Provided data START

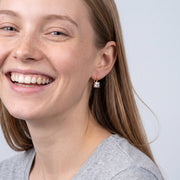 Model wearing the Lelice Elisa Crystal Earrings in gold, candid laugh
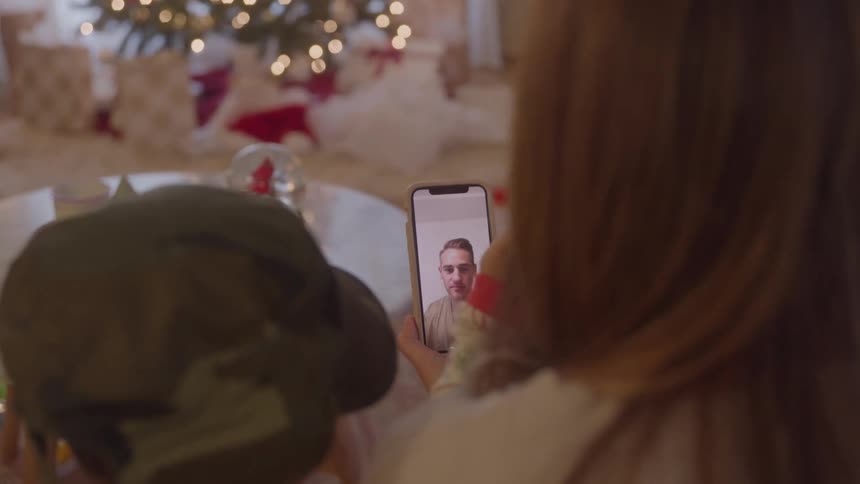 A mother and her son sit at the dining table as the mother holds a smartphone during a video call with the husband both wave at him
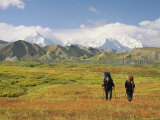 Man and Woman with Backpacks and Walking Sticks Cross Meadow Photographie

Provided data END

— Instructions for the task —
Output only the lines from the line that contains "A mother and" through the end of the material, both ends included, and skip every picture.

— Exercise response —
 A mother and her son sit at the dining table as the mother holds a smartphone during a video call with the husband both wave at him
 Man and Woman with Backpacks and Walking Sticks Cross Meadow Photographie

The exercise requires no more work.